Les chants dans la culture wayuu sont le moyen privilégié de raconter des histoires. Et beaucoup d’événements ayant eu lieu durant la « bonanza marimbera » se sont perpétués et transmis de cette façon. « Ce qui m’intéresse par-dessus tout, s’emballe Ciro Guerra, c’est ce moment précis où les faits historiques se transforment en mythes. Depuis la nuit des temps, les hommes se sont servis du mythe pour essayer de donner un sens à leur existence chaotique. Et je suis convaincu que c’est la fonction et la signification qu’ont endossées les genres au cinéma aujourd’hui. Le film de gangsters, par exemple, n’est rien d’autre qu’une mythification de ce qui s’est passé au moment de la prohibition et de la naissance de la société moderne. Comme les mythes, les genres offrent une compréhension d’un monde qui en est sinon cruellement dépourvu. » « Ce film, c’est aussi une sorte de miroir tendu à la Colombie, reprend Cristina Gallego. Vous savez, ce n’est pas tous les jours facile d’être Colombien. Où que vous alliez, on vous associe à la drogue. Et ça pose même régulièrement problème dans les aéroports.
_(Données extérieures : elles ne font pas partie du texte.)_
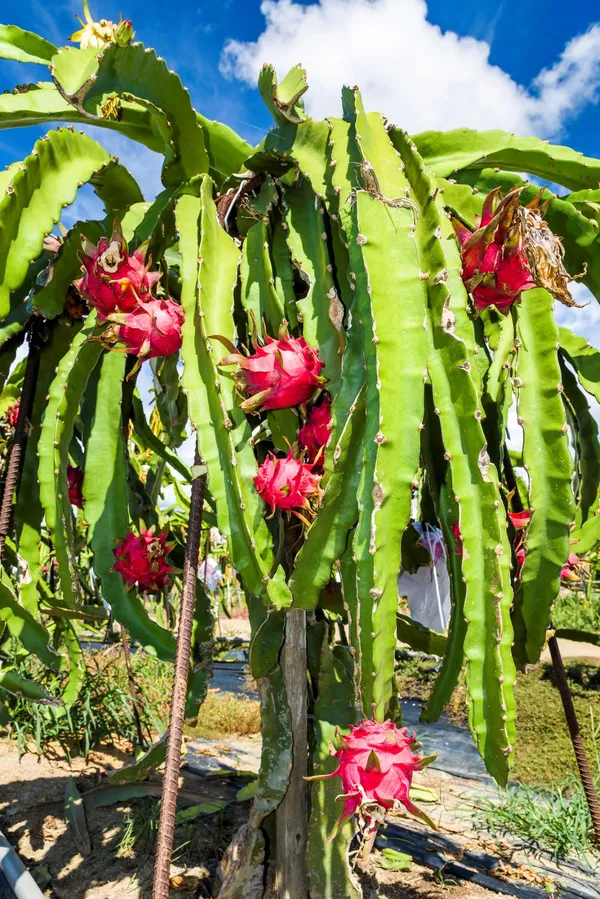 Expensive_Dragon_Fruit_Plant_&_Tree_(1.5-3.5_Ft_Hight)_For_Home_Gardening_Dragon_Fruit_Good_For_Health_(Hybrid,_Pack_Of_1)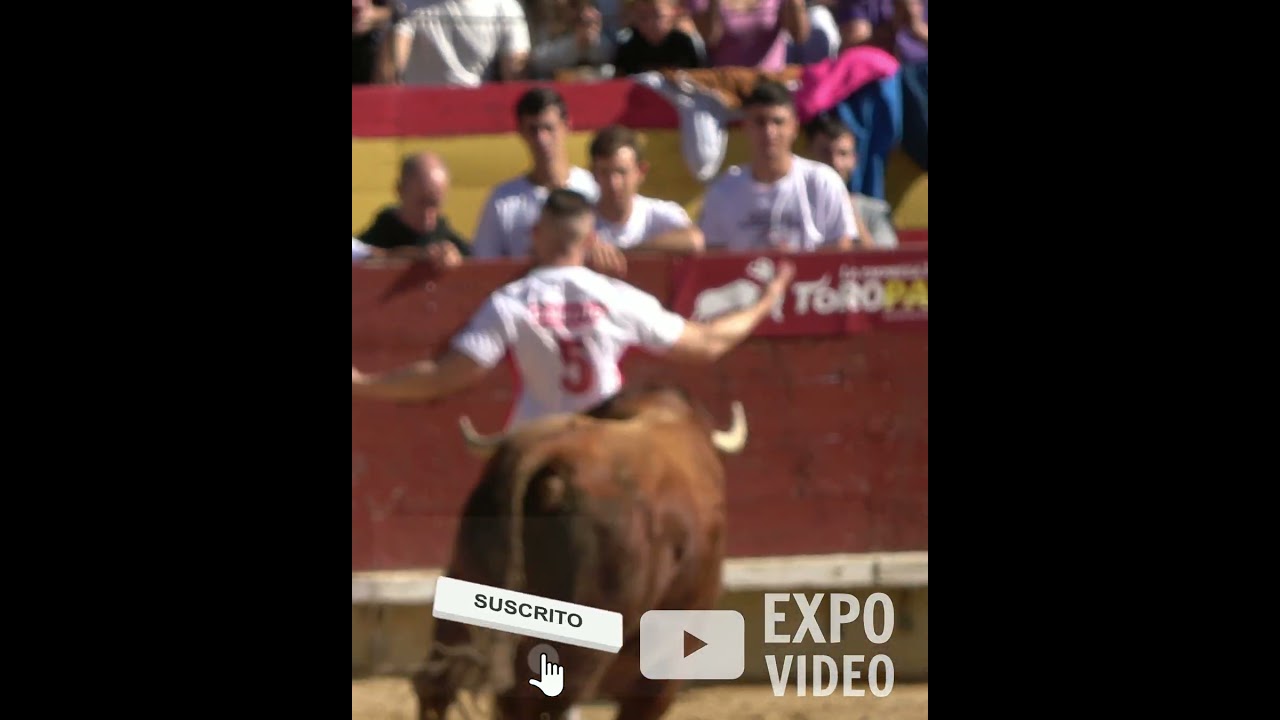 Recorte Final en España: Castellón 2022 👏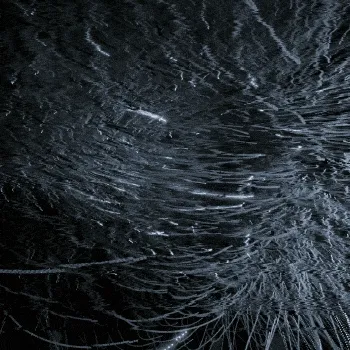 Sound Paintings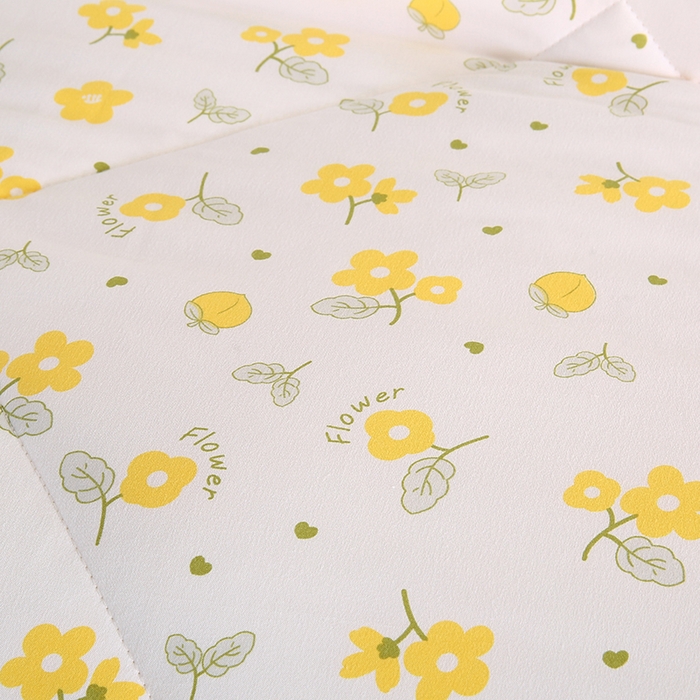 91家纺网 家纺一手货源 找家纺 欧朵 2025新款A类水洗棉豆豆绒被子冬被大豆被芯春秋被冬被 幼儿园 学生宿舍 四季被空调被子浅兮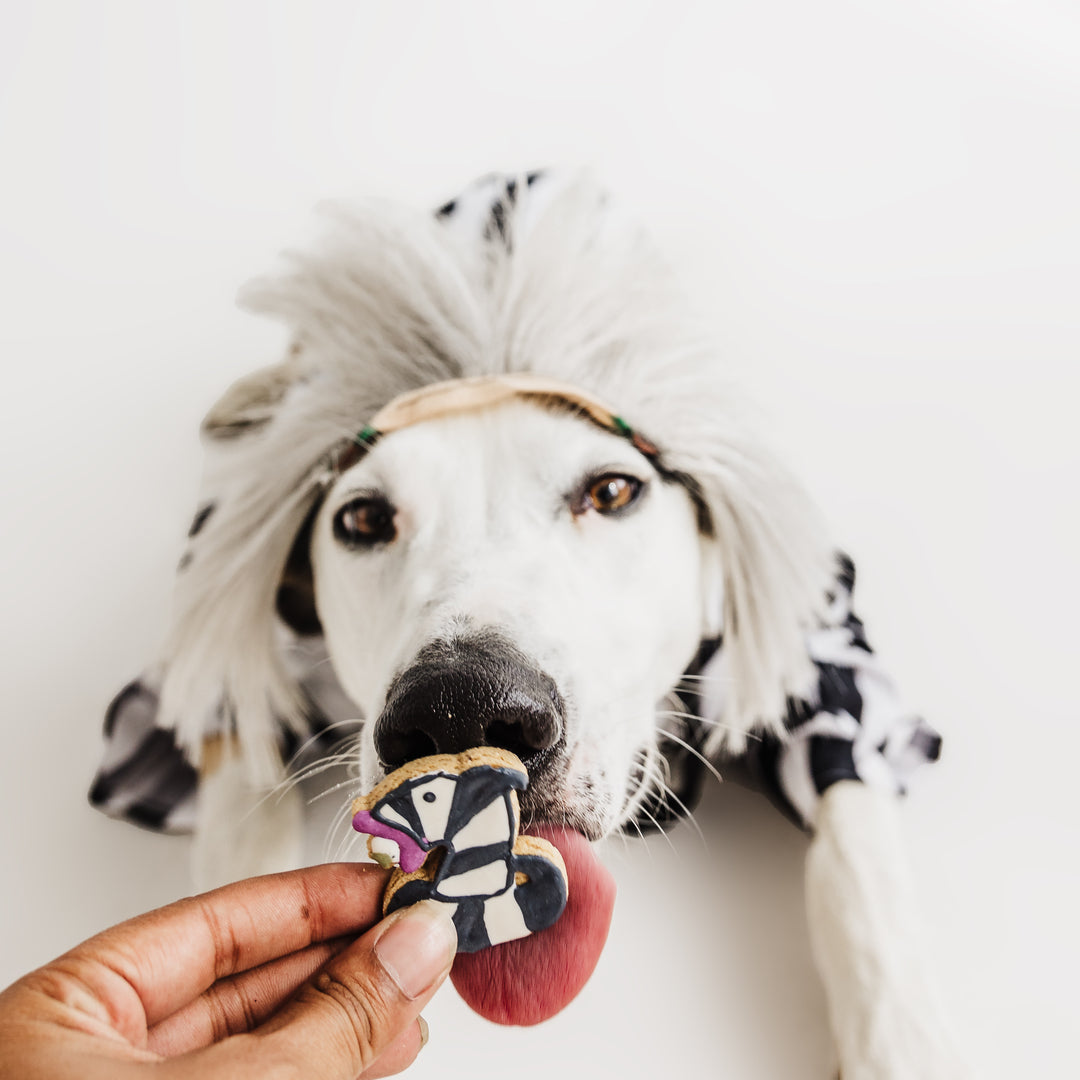 It's Showtime! Treat Pack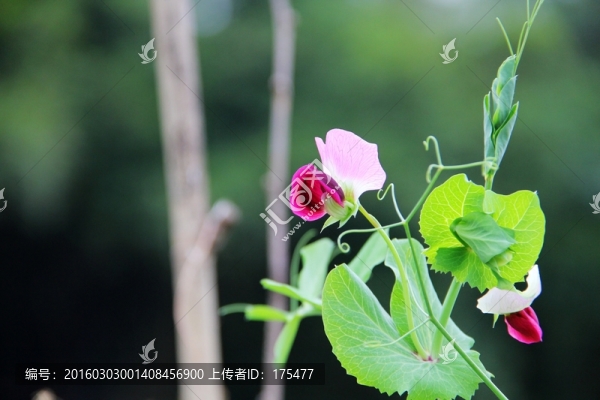 荷蘭豆花朵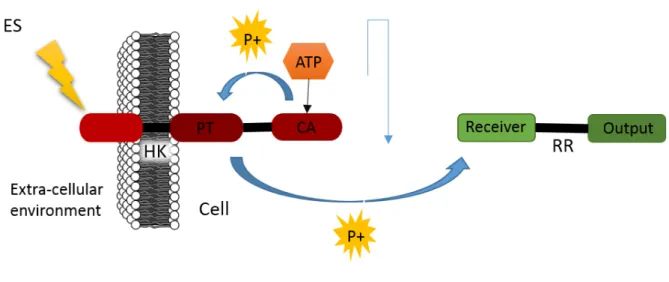 Figure 1.9: Scheme that describes the basic two-component signalling transduction system
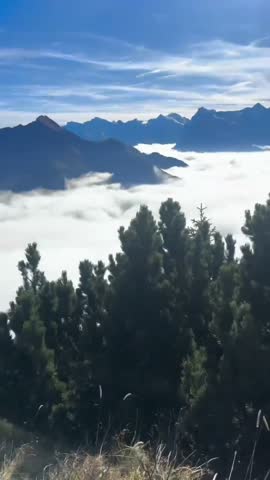 Mountain Range Above Sea of Clouds with Pine Forest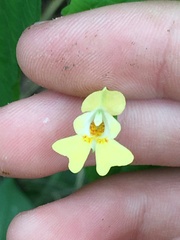 Impatiens parviflora
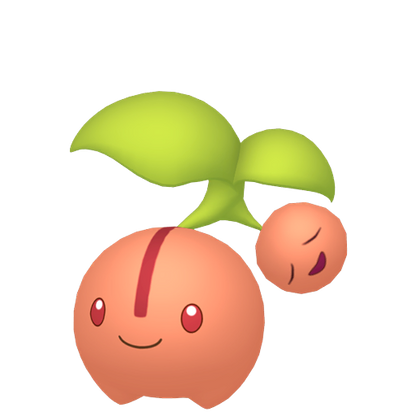 #420 Kikugi SnS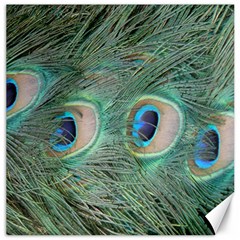 Peacock Feathers Macro Canvas 16  X 16   by GiftsbyNature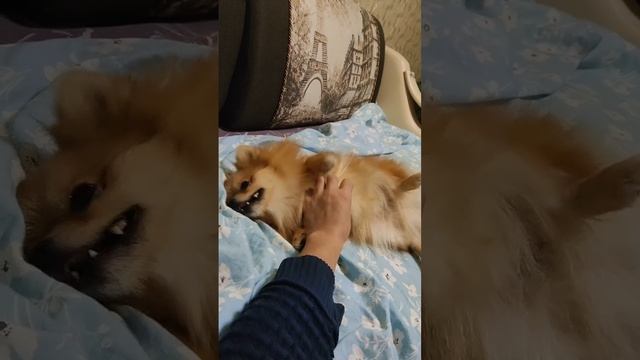 Шпиц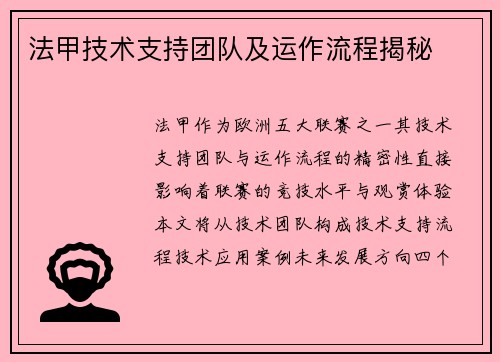 法甲技术支持团队及运作流程揭秘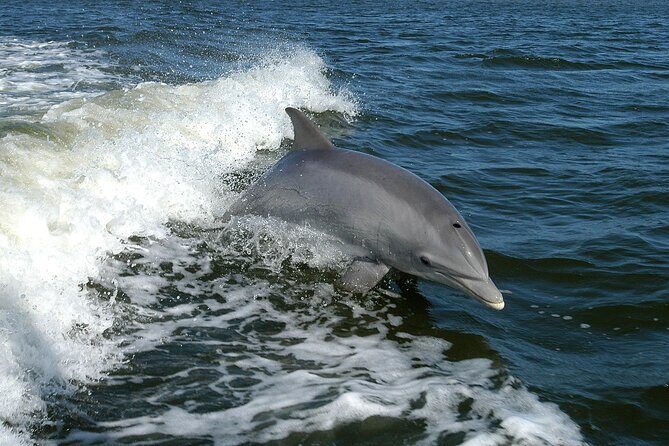 Sunset Dolphin Watching Boat Tour from Vrsar - Who Should Book This Tour?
Il est important de pouvoir regarder sa propre Histoire en face. »

Quant à savoir s’il y a un avenir créatif commun pour les deux cinéastes, rien ne semble moins sûr. Son prochain film, Ciro Guerra le pilote en tout cas en solo et en anglais. Soit l’ambitieuse adaptation de Waiting for the Barbarians, le roman de l’auteur sud-africain J. M. Coetzee, avec Robert Pattinson et Johnny Depp, en partie produit par ce dernier. « J’ai été approché par un certain nombre de producteurs hollywoodiens afin de réaliser un film là-bas. Mais je dois dire qu’il était difficile pour moi de trouver une matière intéressante à traiter. Cette proposition d’adapter Coetzee est alors apparue comme une opportunité un peu inespérée, parce que ce livre, justement, tourne autour de beaucoup de thématiques qui me sont chères. Je me suis donc lancé dans cette aventure de manière complètement naturelle. Il s’agit d’un récit humain et moral complexe qui parle, sur le mode de l’allégorie, du monde d’aujourd’hui. C’est vraiment un projet rêvé pour moi. »

Les Oiseaux de passage

De Ciro Guerra et Cristina Gallego. Avec José Acosta, Carmiña Martínez, Natalia Reyes. 2h05. Sortie: 10/04. ****

Le film est inspiré d’une histoire vraie, annonce sobrement l’ouverture. Et pour cause. Situant son action à la pointe nord de la Colombie entre la fin des années 60 et le début des années 80, Les Oiseaux de passage retrace la naissance d’un empire, celui des cartels de la drogue, à travers le destin mortifère de deux clans indigènes wayuu amenés presque par accident à mettre le doigt dans un engrenage faustien de déshumanisation organisée, la vente florissante de marijuana à la jeunesse dorée américaine conduisant bien assez tôt à une escalade dégénérée de la violence et au cercle sans fin des vexations familiales.

À la réalisation de ce film aux superbes images anti-spectaculaires découpé en cinq chants, à la manière d’une fable immémoriale, Ciro Guerra (l’halluciné L’Étreinte du serpent en 2015) s’associe avec sa productrice Cristina Gallego. Ensemble, ils font le pari culotté d’inscrire ce qui aurait pu n’être qu’un énième ersatz de Scarface à la mode colombienne dans une dimension quasiment ethnologique aux accents mythologiques. À la croisée des chemins entre strict respect des traditions et tentation outrée de la modernité, Les Oiseaux de passage condamne sans ambiguïté les dérives aveugles -appât délirant du gain et folie des grandeurs- du capitalisme. Intention très lisible s’exprimant sur le mode on ne peut plus louable d’une stricte sobriété. Ni voix off logorrhéique, ni montage syncopé, ni soundtrack qui envoie… À rebours total des canons télévisuels prédominants, sans rien céder à la tentation du divertissement facile ou de la surenchère stylisée, Guerra et Gallego déroulent un cinéma exigeant, jamais clinquant, qui donne de la valeur au temps et refuse les effets de manche. L’anti-Narcos par excellence, en somme.